Sicherung der Neutralität

Parlamentarische Initiative vom 21. Juni 2001

Gemäss heutigem Recht besitzt der Bundesrat offenbar keine Handhabe, gegen Ausländer, die von Schweizer Boden aus Drahtzieher-Funktionen in ausländischen Konflikten wahrnehmen, wirksame Massnahmen zu ergreifen. Aus dieser Erkenntnis resultiert die folgende Parlamentarische Initiative Schlüer: eingereicht am 21. Juni 2001:

Gestützt auf Artikel 160 Absatz 1 der Bundesverfassung und Artikel 21bis des Geschäftsverkehrsgesetzes reiche ich folgende Parlamentarische Initiative in der Form der allgemeinen Anregung ein:

Es sind gesetzliche Grundlagen zu erarbeiten, um die Gefährdung der schweizerischen Neutralität durch militärische oder kampfvorbereitende Aktionen von ausländischen Gruppierungen und Kriegsparteien auf schweizerischem Hoheitsgebiet zu unterbinden.

Begründung


Das internationale Neutralitätsrecht schreibt vor, dass die Schweiz keine Konfliktpartei militärisch unterstützen darf.
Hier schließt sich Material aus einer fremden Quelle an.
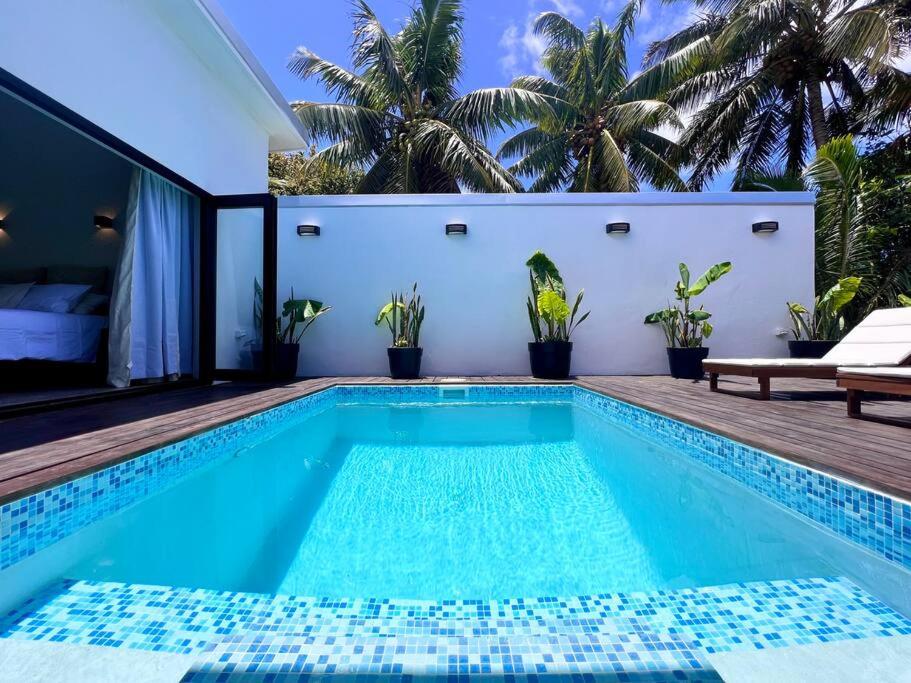 Taputu House Luxury Oasis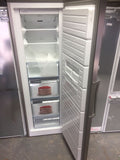 Bosch GSN36VL3PG 60cm Tall Freezer - Silver Chrome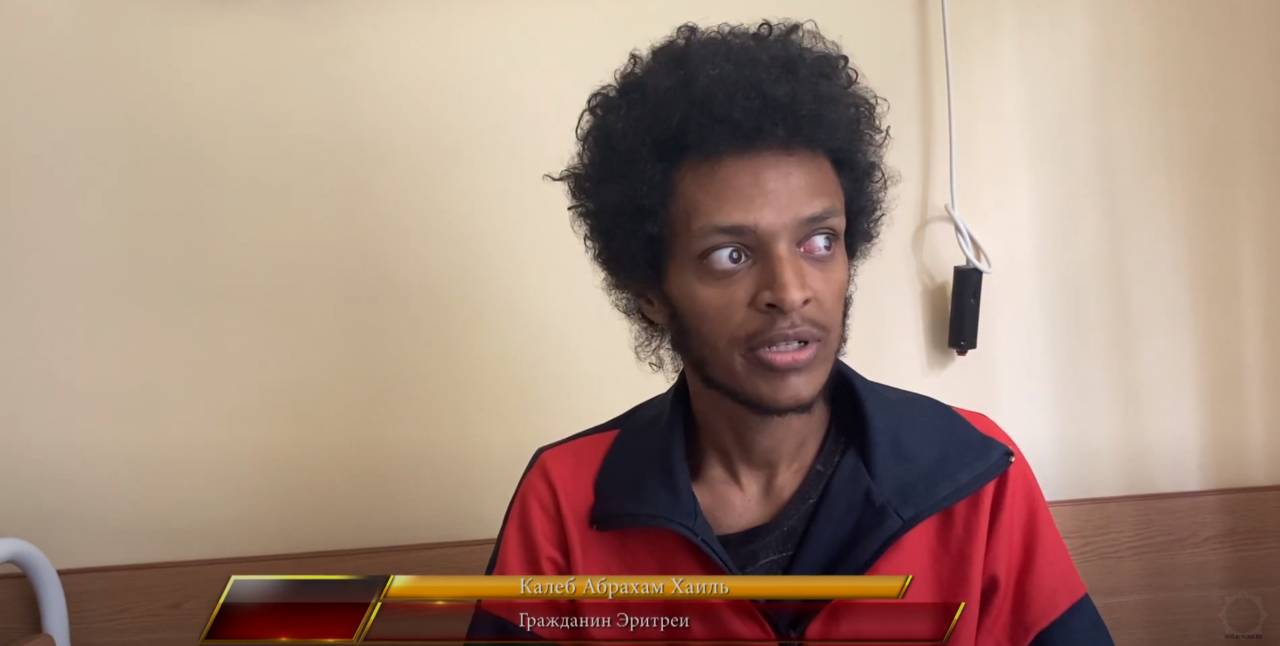Гродненская милиция помогла нелегалу из Эритреи найти родственников в Германии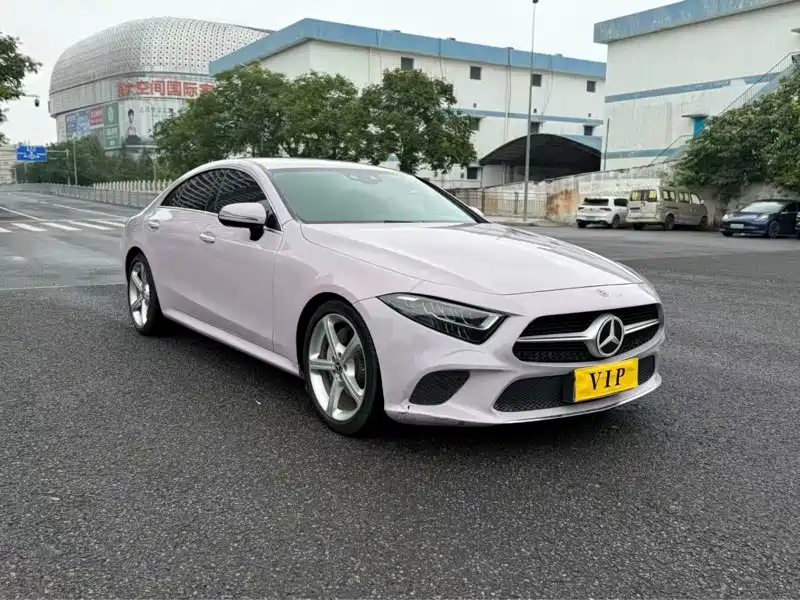 Mercedes-Benz CLS 2019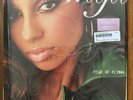 Mya - Fear Of Flying Vinyl 2LP Record (Interscope, 2000) like new but opened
Das heisst insbesondere, dass die Schweiz Konfliktparteien nicht gestatten darf, das Schweizer Hoheitsgebiet für militärische Zwecke zu nutzen. Diesen Grundsätzen kann heute nicht nachgelebt werden, weil die gesetzlichen Grundlagen fehlen, um Massnahmen zu ergreifen, wenn Personen mit ihren Aktivitäten das Neutralitätsrecht verletzen.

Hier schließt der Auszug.